Hagbarddenstore

Enabling CORS in Go HTTP applications

Published on 2014-12-21 17:08

Tags: http, golang, gorilla mux

TL;DR;

How to enable CORS on a HTTP API hosted in a Go application.

Problem

Calling a HTTP API from a JS client on another domain without wrapping the API in some service hosted on the same domain.

Example:

// In an AngularJS application, calling from http://example.com/
$http({
    method: 'GET',
    url: 'http://api.example.com/users'
});

Will produce the following error in Safari’s JS Console:

XMLHttpRequest cannot load http://api.example.com/users.
Origin http://example.com is not allowed by Access-Controll-Allow-Origin.

The server used is defined like this:

import (
    "net/http"
    "github.com/gorilla/mux"
)

func main() {
    router := mux.NewRouter()

    // Map your handlers to the router
    // router.Handle("/", listUsersHandler).Methods("GET")

    http.Handle("/", router)

    http.ListenAndServe("localhost:8080", nil)
}

Solution

The solution is to add a couple of headers on each request and to handle a special request called “preflight request”. This is essentially a OPTIONS request to the URL you’re trying to access.

import (
    "strings"
    "net/http"
    "github.com/gorilla/mux"
)

func main() {
    router := mux.NewRouter()

    // Map your handlers to the router
    // router.Handle("/users", listUsersHandler).Methods("GET")

    // Wrap the router in our CorsWrapper
    http.Handle("/", &CorsWrapper{router})

    // Start the Go HTTP server
    http.ListenAndServe("localhost:8080", nil)
}

type CorsWrapper struct {
    router *mux.Router
}

func (this *CorsWrapper) ServeHTTP(
    response http.ResponseWriter,
    request *http.Request) {
    allowedMethods := []string{
        "POST",
        "GET",
        "OPTIONS",
        "PUT",
        "PATCH",
        "DELETE",
    }

    allowedHeaders := []string{
        "Accept",
        "Content-Type",
        "Content-Length",
        "Accept-Encoding",
        "Authorization",
        "X-CSRF-Token",
        "X-Auth-Token",
    }

    if origin := request.Header.Get("Origin"); origin != "" {
        response.Header().Set("Access-Control-Allow-Origin", origin)

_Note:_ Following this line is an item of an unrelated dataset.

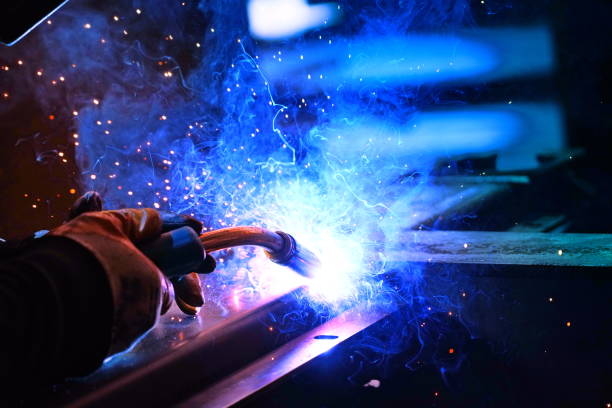 Best Structural Steel Welding in Mccrory, AR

        response.Header().Set(
            "Access-Control-Allow-Methods",
            strings.Join(allowedMethods, ", "))

        response.Header().Set(
            "Access-Control-Allow-Headers",
            strings.Join(allowHeaders, ", "))
    }

    if request.Method == "OPTIONS" {
        return
    }

    this.router.ServeHTTP(response, request)
}

This will enable CORS for each request.

The allowedMethods array defines which HTTP methods are allowed for CORS requests.

The allowedHeaders array defines which headers the server accepts from the client. If you need other headers to be sent from the client, you need to change the array accordingly.